The long march home
The Jacobite retreat from Derby in December 1745 marked the beginning of the end for the '45 rising. On 6 December — "Black Friday" to the Jacobite cause — Prince Charles Edward Stuart's army turned its back on London and began the long march north to Scotland. The prince was devastated. His commanders were pragmatic. The consequences would be fatal.
The decision to retreat was taken at a tense council of war at Exeter House in Derby. Lord George Murray, the ablest Jacobite general, argued that the army of 5,000 Highlanders was dangerously exposed. Two Government armies were converging on their position — the Duke of Cumberland from the northwest and Marshal Wade from the northeast. The promised English Jacobite support had not materialised. The French invasion force had not sailed. To march further south was to invite encirclement and destruction.
Charles was furious.
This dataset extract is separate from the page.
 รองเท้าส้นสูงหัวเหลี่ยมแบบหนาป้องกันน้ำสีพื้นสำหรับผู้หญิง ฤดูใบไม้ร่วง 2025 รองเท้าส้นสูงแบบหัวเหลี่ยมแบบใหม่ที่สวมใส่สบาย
He believed that one more push would have taken London and that the Hanoverian regime would have collapsed. He may have been right — there was genuine panic in the capital. But his commanders were professional soldiers, and they judged the military situation hopeless. Charles never forgave them, and the breach between the prince and Lord George Murray would poison Jacobite decision-making for the rest of the campaign.
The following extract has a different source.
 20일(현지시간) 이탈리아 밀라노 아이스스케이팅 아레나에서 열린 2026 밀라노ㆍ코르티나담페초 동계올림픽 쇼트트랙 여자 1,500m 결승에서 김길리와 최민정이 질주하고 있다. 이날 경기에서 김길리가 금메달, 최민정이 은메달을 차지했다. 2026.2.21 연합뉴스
The retreat itself was conducted with skill. The army marched north in good order, fighting a sharp rearguard action at Clifton in Westmorland — the last battle on English soil before Culloden became the last on British soil. They recrossed the border, recaptured Stirling briefly, and won the Battle of Falkirk Muir in January 1746. But the strategic initiative was gone. The army fell back to Inverness, where it spent a miserable winter. Cumberland followed with overwhelming force. The road from Derby led inexorably to Drummossie Moor and the slaughter of 16 April 1746.